··· Dataset content
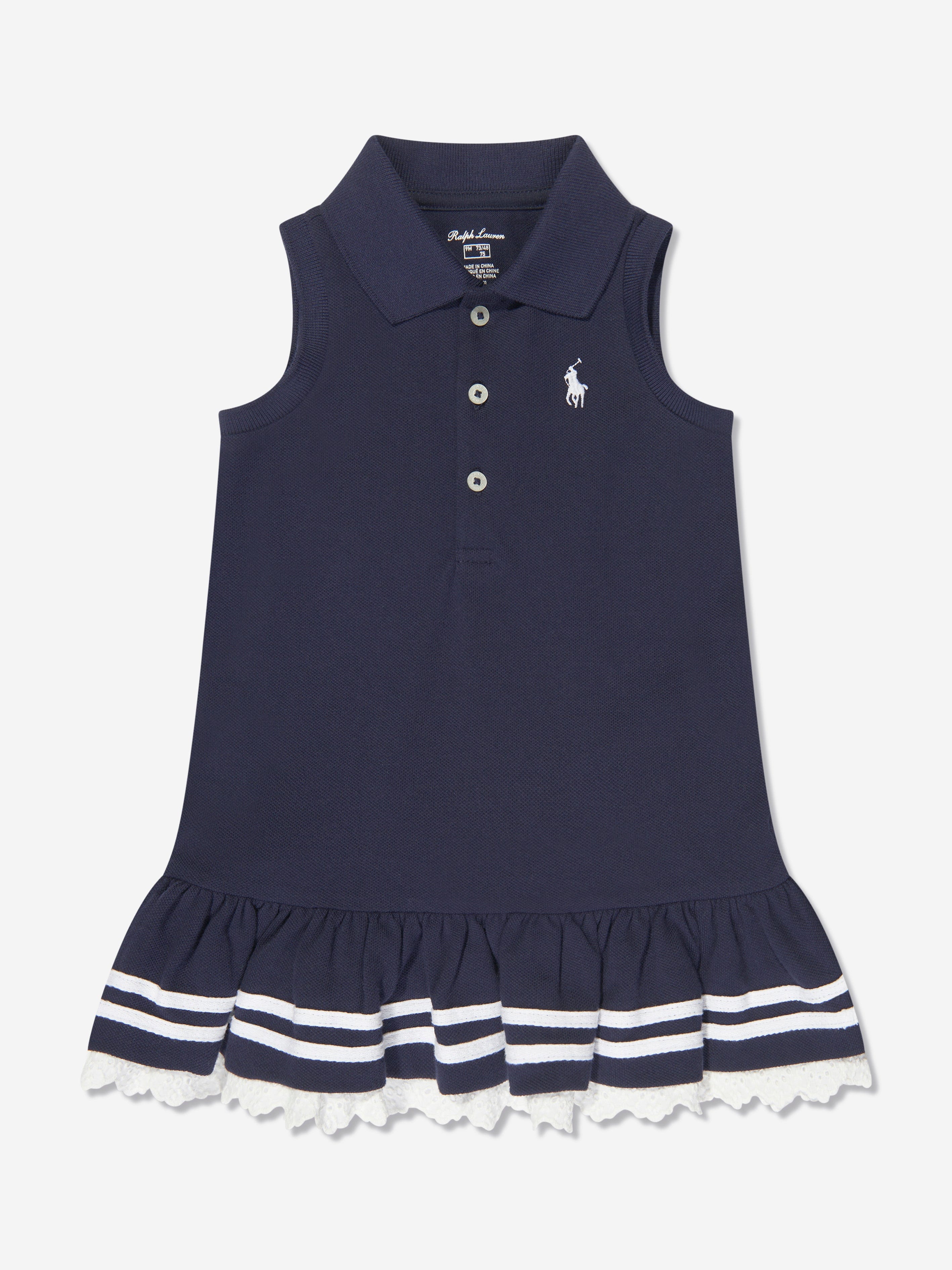 Ralph Lauren Baby Girls Sailor Polo Dress in Navy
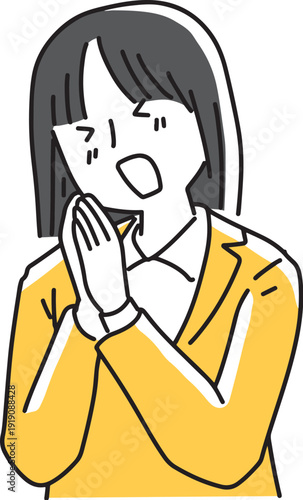 手を合わせてお願いする女性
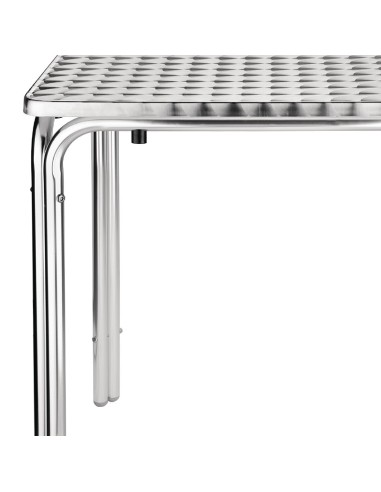 Table carrée inox/aluminium Bolero 600 mm - Durable et légère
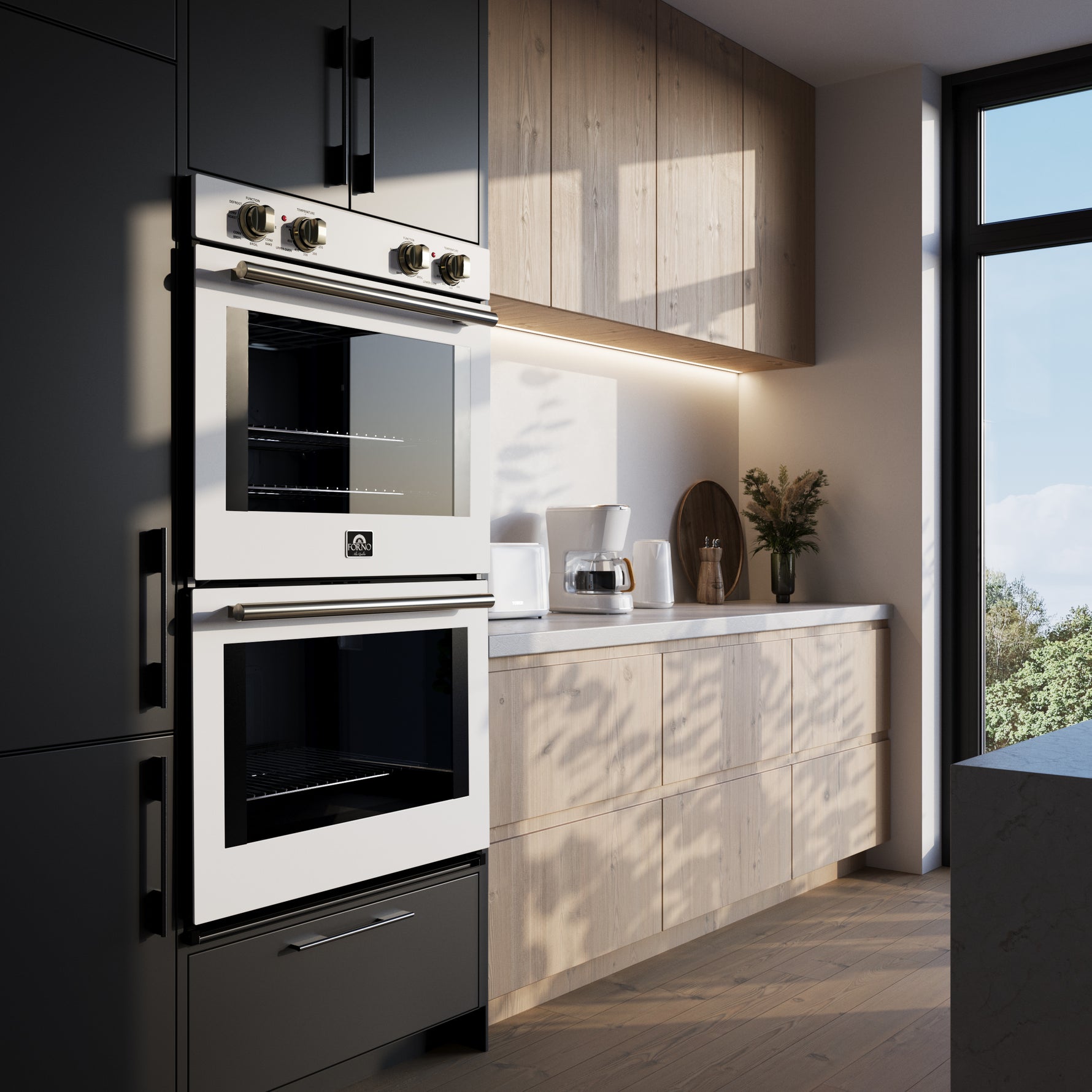 Forno Vomero 30-Inch Double Wall Oven, White, 10 cu.ft Total Capacity, 7100W Convection, Mechanical Controls, Manuel Steam Clean - BonPrix Électroménagers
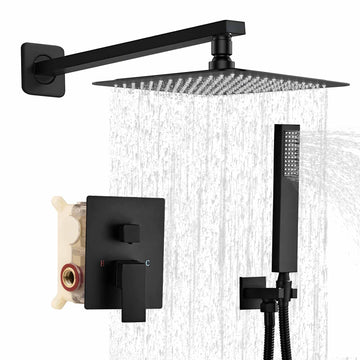 12 Inch Shower Faucet Set, Matte Black Shower System With Handheld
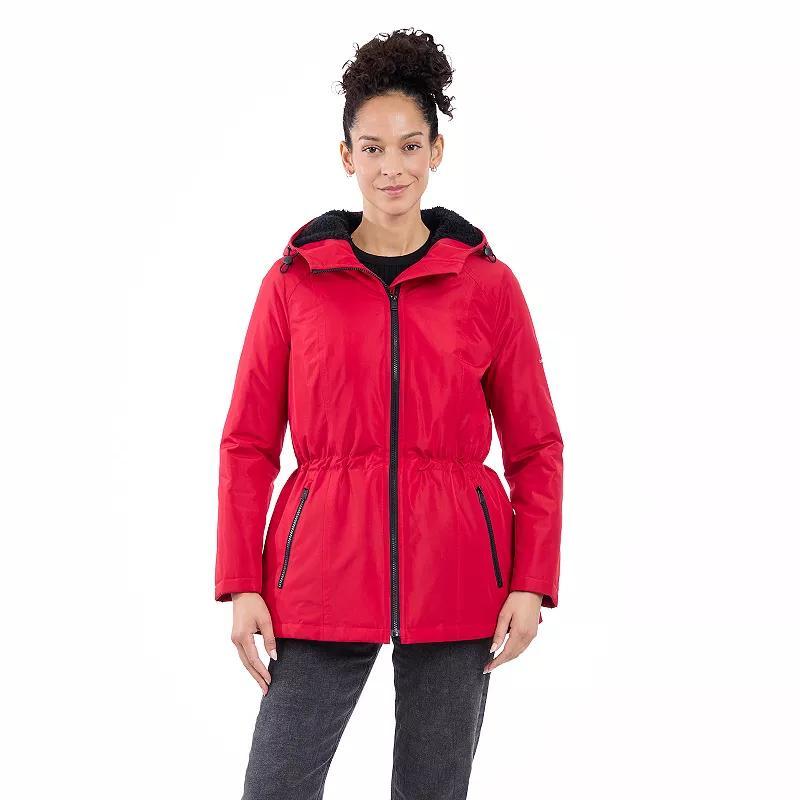 Women's London Fog Zip-Front Rain Anorak Jacket, Size: Small, Red Product Image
······
**About this exercise**: Keeping the pictures out, print the entries above exactly as written.

**Solution to the problem**:
 Ralph Lauren Baby Girls Sailor Polo Dress in Navy
 手を合わせてお願いする女性
 Table carrée inox/aluminium Bolero 600 mm - Durable et légère
 Forno Vomero 30-Inch Double Wall Oven, White, 10 cu.ft Total Capacity, 7100W Convection, Mechanical Controls, Manuel Steam Clean - BonPrix Électroménagers
 12 Inch Shower Faucet Set, Matte Black Shower System With Handheld
 Women's London Fog Zip-Front Rain Anorak Jacket, Size: Small, Red Product Image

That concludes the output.